Je note, en même temps, que certaines propositions rencontreront, je le prévois, une résistance. D’où peut venir cette résistance? D’un préjugé, dira-t-on. Sans doute, car ce ne peut être que quelque chose qui précède le jugement actuel.
Mais ce qui précède tel jugement actuel est préjugé au sens fâcheux du mot, si la source en est dans quelque habitude de l’esprit née sans réflexion, dans quelque influence inaperçue de la coutume, de l’exemple, dans quelque passion qui inspire insensiblement la pensée. Alors l’énoncé de certaines propositions provoque la résistance de l’homme esclave de la routine, de l’homme aveuglé, de l’homme passionné, parce que ces propositions contrarient ses vues accoutumées, ou ses préventions. Mais, s’il se trouvait que certaines propositions touchant la vie provoquassent la résistance de l’homme qui se sent et se sait homme, faudrait-il encore crier au préjugé ? Ne conviendrait-il pas plutôt de reconnaître là quelqu’une de ces exigences dont nous parlions plus haut, et contre lesquelles rien ne prévaut?

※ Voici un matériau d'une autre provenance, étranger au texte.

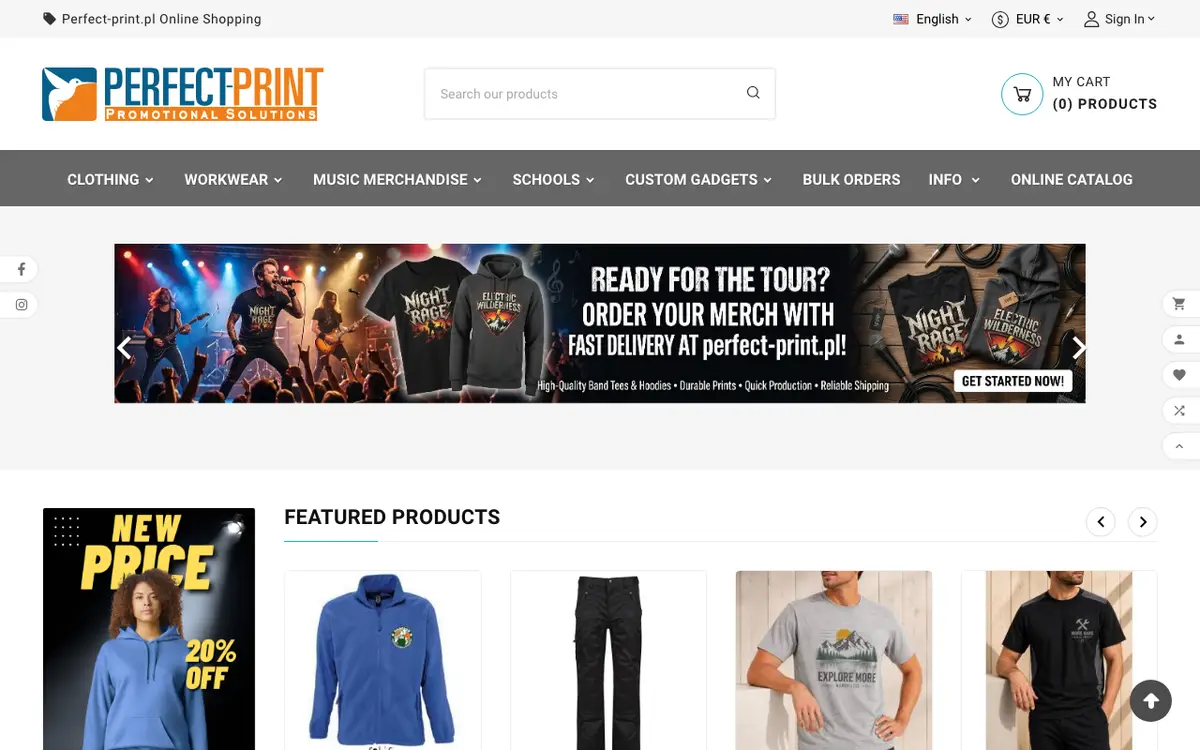 Le site de Perfect Print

Se sentir et se savoir homme, et non pas chose et animal, c’est un sentiment et c’est une notion où assurément il y a bien de l’acquis. Je le reconnais. Il ne serait pas malaisé de montrer ce qui y entre de résultats de l’éducation, de l’hérédité, de la culture reçue, de la civilisation. Mais, si je considère le fond, je le retrouve partout; et là où il n’est pas, là du moins où il est par trop rudimentaire, je dis: Ce n’est pas vraiment l’homme. Et je parle, s’il s’agit d’un individu, d’exception, de monstruosité ; s’il s’agit d’une race, de dégénérescence, d’état embryonnaire: je ne veux plus voir là qu’un vestige effacé de l’humanité, ou qu’une ébauche informe. Et quiconque a son bon sens et est de bonne foi voit comme moi et parle comme moi.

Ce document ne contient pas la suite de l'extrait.